Erik Salles/DPA /Landov
A man dressed as Santa Claus, representing the Brazilian postal service, distributes gifts donated to needy children in a public elementary school in Salvador, Brazil.
A man dressed as Santa Claus, representing the Brazilian postal service, distributes gifts donated to needy children in a public elementary school in Salvador, Brazil. Erik Salles/DPA /Landov
"I really love it," she says.
The way it works, de Sa says, is that you come here, read the letters and look for something that really affects you. Then you buy the gift that the child asks for and bring it back to the post office, where staff wrap it up and deliver it to the child.
Most of the kids ask for dolls, balls, bicycles — the usual array of toys. But some letters, she says, ask for heartbreaking things.
This year, de Sa says, she chose an 8-year-old boy who was asking for food. He didn't want toys; he wanted food for his mother.
"It's something that just shocks you, and it makes me sad, too," she says.
Other letters have asked for help for crack-addicted parents or jobs for unemployed relatives.
Elizabeth Aragao says she always chooses gifts for small children.
"I cry reading the letters," she says. "We try and help a little. If everyone helped a little, the world would be a better place."
And that is the idea behind the program, which is sponsored by Brazil's post office and has been going on for more than 20 years.
Standing In For Santa
Wilson Abadio de Oliveira, the director of the post office for metropolitan Sao Paulo, says the campaign began through the initiative of postal service employees.
"They were receiving letters from children addressed to Santa Claus in the North Pole, and the workers started opening them and reading them," de Oliveira says. "They started buying some of the gifts the children asked for, and we thought what a great idea. It then was adopted officially by the post office."
De Oliveira says 1 million children across Brazil now write letters every year, and about half of them are adopted by someone. The post office ensures that the letters come only from children under 10 years old with verified addresses. And the letters must be handwritten; he says it's a way of also making sure kids improve their writing skills.
Every year the Father Christmas Project is a big operation nationwide. Tucked into the bowels of the Sao Paulo city post office, employees sift through letters, making sure all the information is there: name, age of the child and gift of choice. The letter then gets registered in the computer, and a number is attached to it. At the end of the process, the letters go down to the main floor to be "adopted."
"My name is Papa Noel," says the man dressed as Santa sitting on the main floor greeting children.

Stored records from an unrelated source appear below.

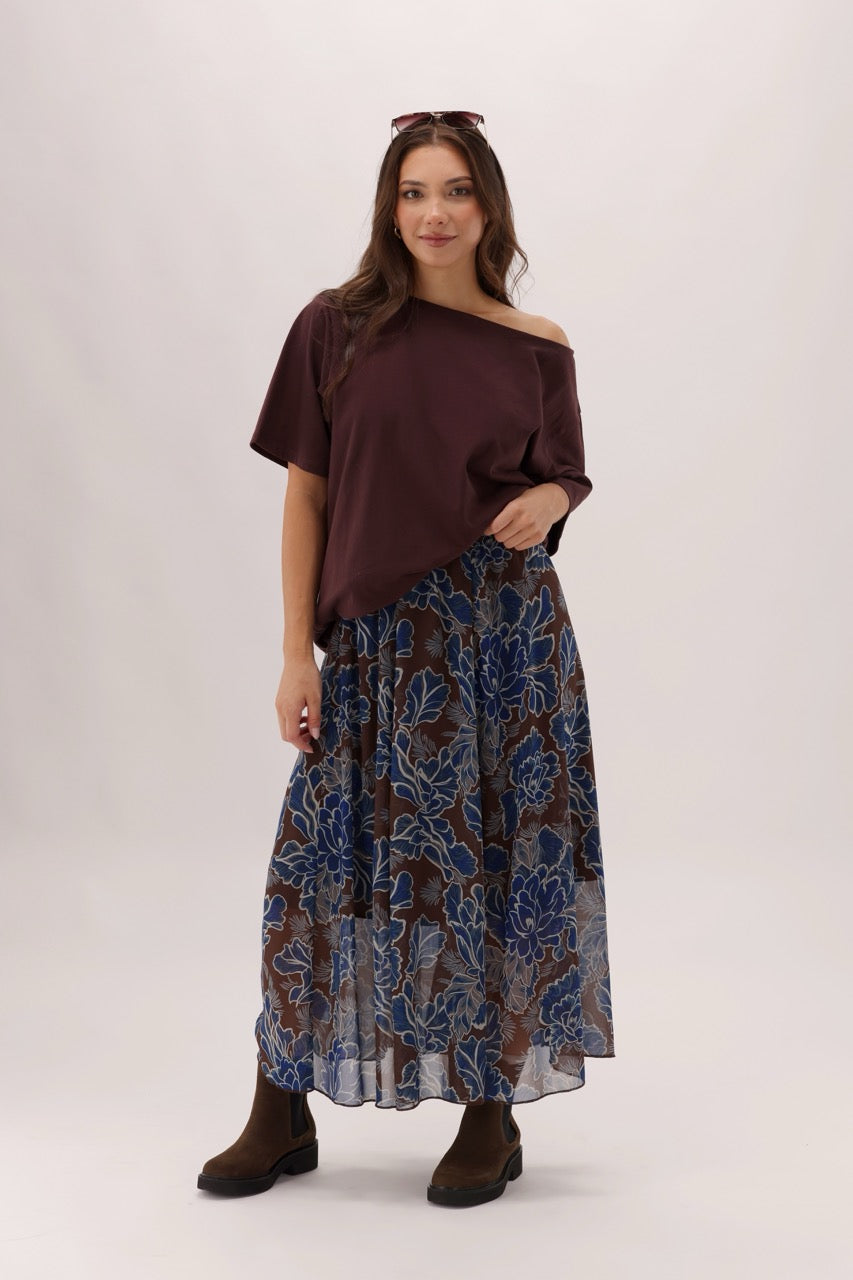 Ayva Prebble Skirt Chocolate Blue Print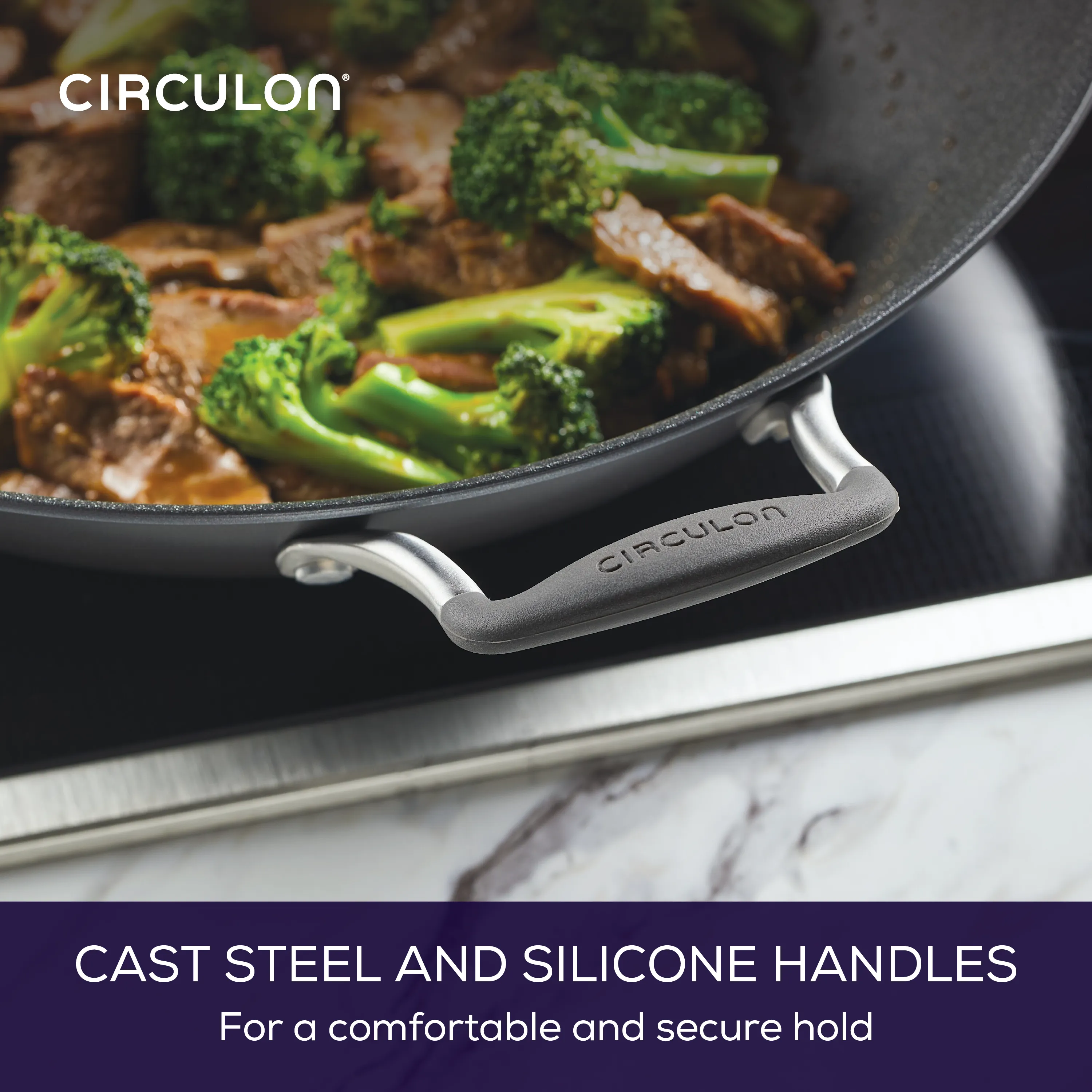 14-Inch A1 ScratchDefense™ Nonstick Wok with Lid
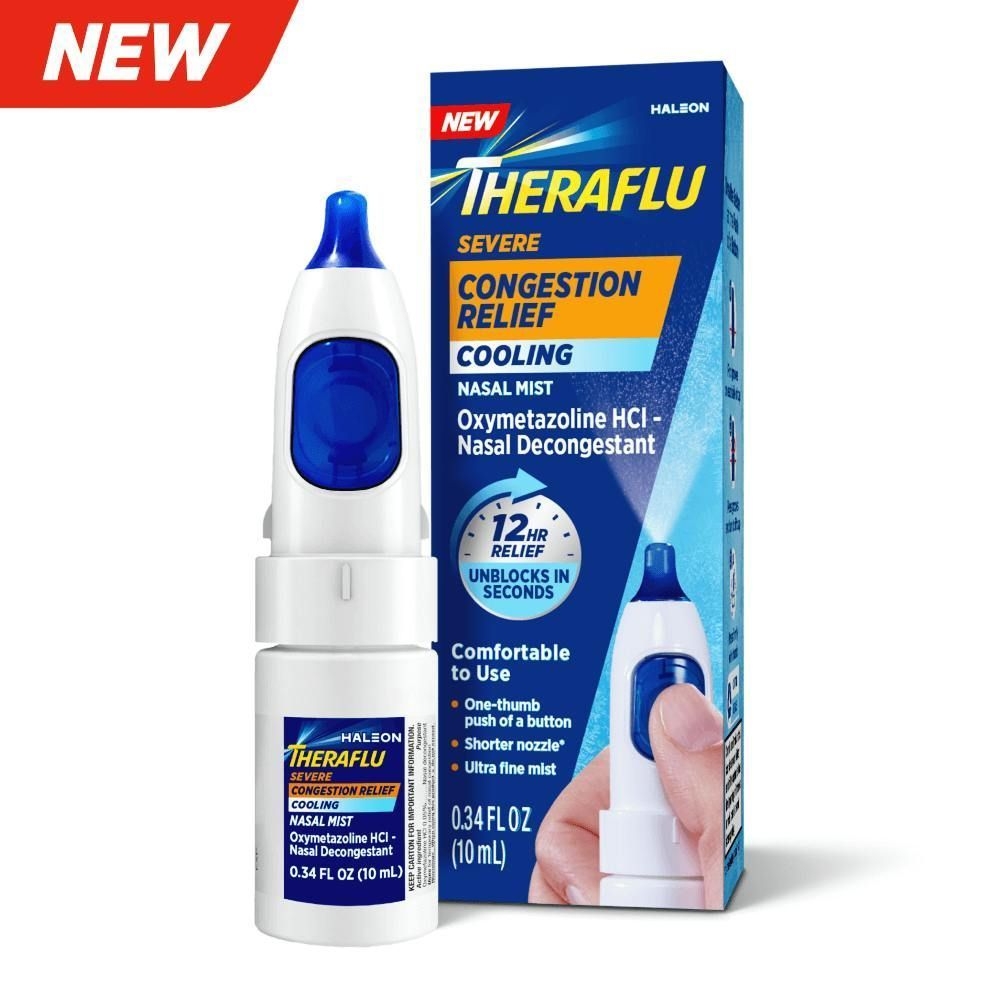 Theraflu Severe Congestion Relief Nasal Mist Plus Cooling, 0.34 Fluid Ounce -- 24 per case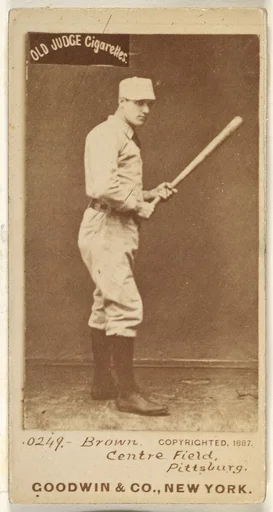 Thomas "Tom" Tarlton Brown, Center Field, Pittsburgh, from the Old Judge series (N172) for Old Judge Cigarettes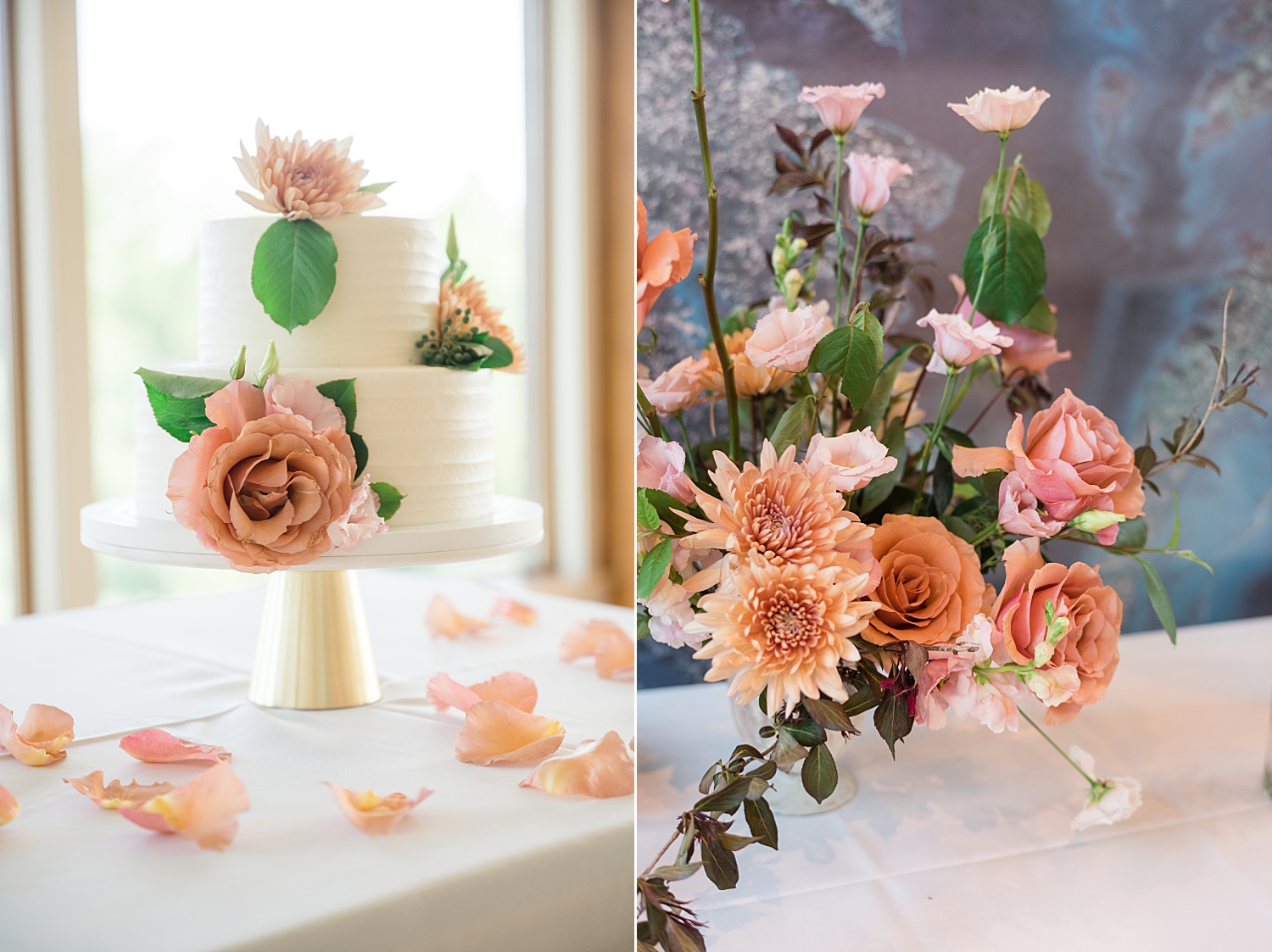 cake and floral details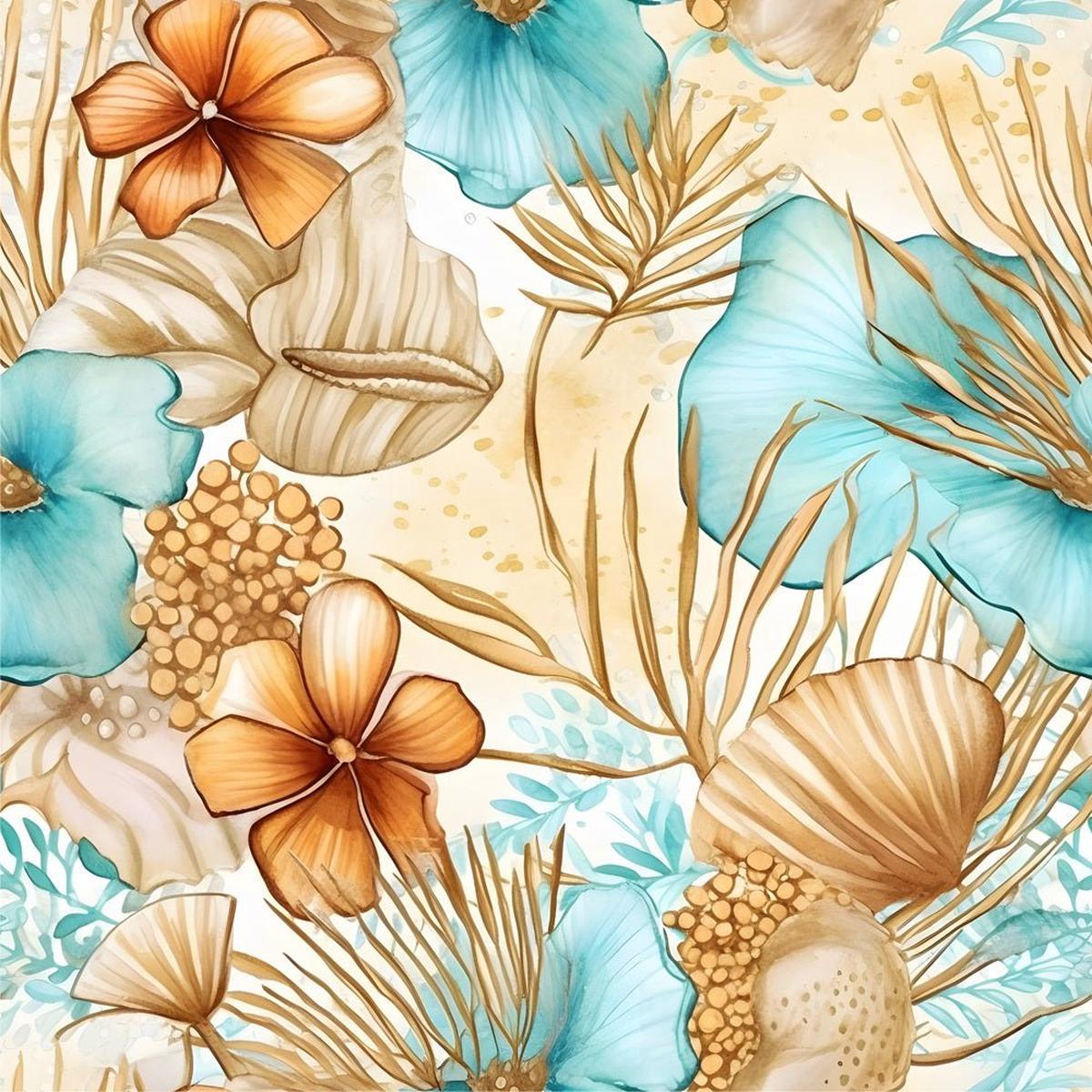 Boho Beach Botanical Variation 14 Fabric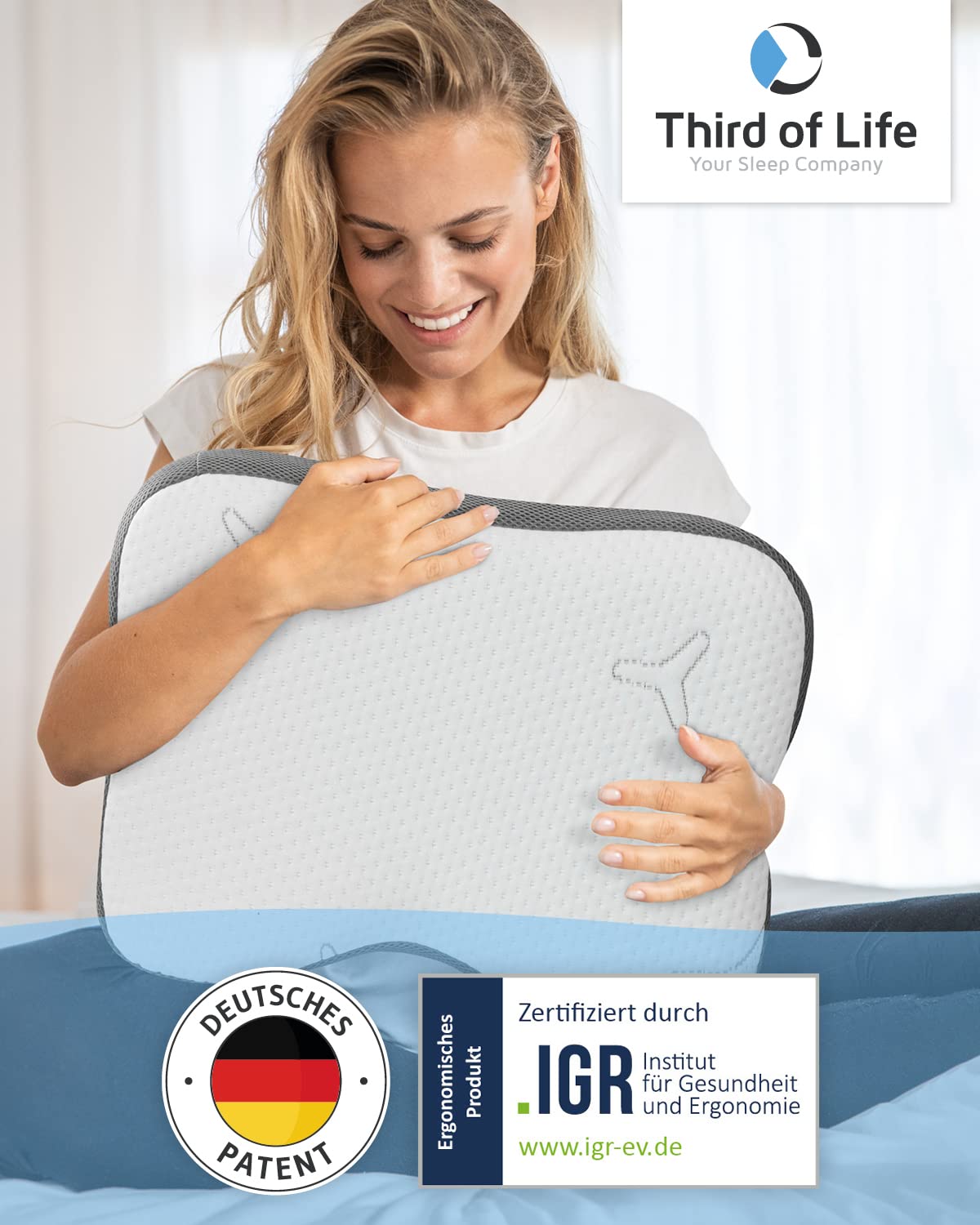 Cuscino Re-Charge Intense | Cuscino ortopedico per dormire sul fianco | Cuscino ergonomico in memory foam per la cervicale con carbone attivo di bambù | Innovativa tecnologia per un sonno più profondo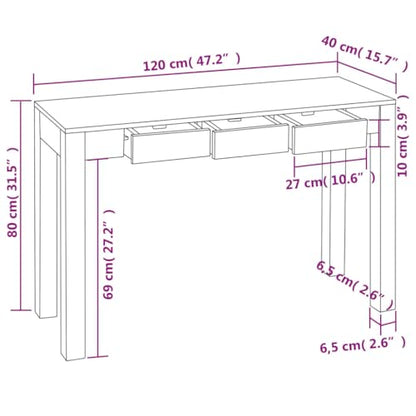 Table Console avec 3 Tiroirs Bois Massif de =Table d'Appoint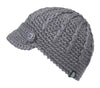 Women Elegant Rib Knitted Cabbie Skull Cap Winter Beanie Hat with Visor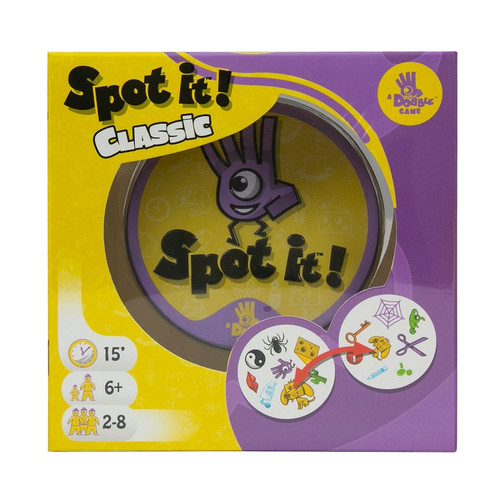 Spot it! Classic
A game of observation and quick reflexes.
In Spot It!, there is always only 1 matching symbol between any 2 cards.
Spot it first and you win!
Includes:
55 cards, 1 rule book with 5 mini-games Spot it! Classic
A game of observation and quick reflexes.
In Spot It!, there is always only 1 matching symbol between any 2 cards.
Spot it first and you win!
Includes:
55 cards, 1 rule book with 5 mini-games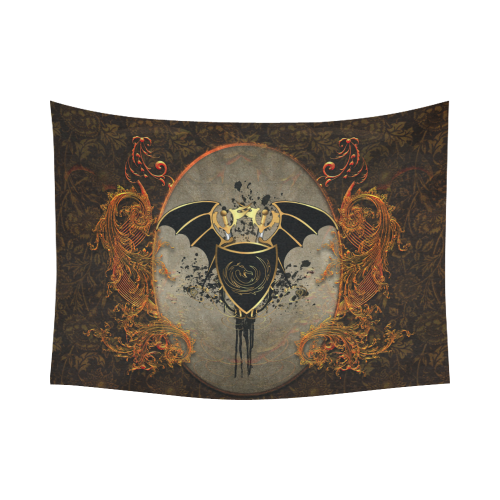 Dragon with swords and wings Cotton Linen Wall Tapestry 80"x 60"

His presence is part of the project. He acknowledges that he is a post office employee, but he refuses to go by anything other than Father Christmas to a visiting reporter.
While most of the gifts bought through the program are delivered by regular letter carriers, sometimes Papa Noel, in full regalia, makes a special visit to someone's door.
"The whole point of this is to keep alive the spirit of Christmas inside our children," he says. "But this isn't only for children. It's a way for people to help each other. That is what this season is really about."
We go with one of the deliveries to a favela, or shantytown, not far from the post office. We stop in front of a shack; it's made of cardboard siding and tin, crowded among other makeshift dwellings.
Maria Marisa Laureano answers the door. Her daughter has asked for three beds for her and her two sisters. When we go into the one-room home, we see only one large bed where Laureano says she and her children all sleep. A pot of food is cooking in the corner, and clothes are strewn on the floor. It's dark and crowded, and the walls are so thin you can hear the neighbors talking.
The new beds barely fit in the house. Laureano says they are hoping to move.
"It's been three months since I moved here," she says, "but there are a lot of termites. Some nights we can't sleep. They fly and walk on the bed, on us, they bite. Life has been very hard."
She begins to cry.
"We wrote a letter but we didn't know if we would get anything. I don't even have words," she says. "I thank Father Christmas a lot."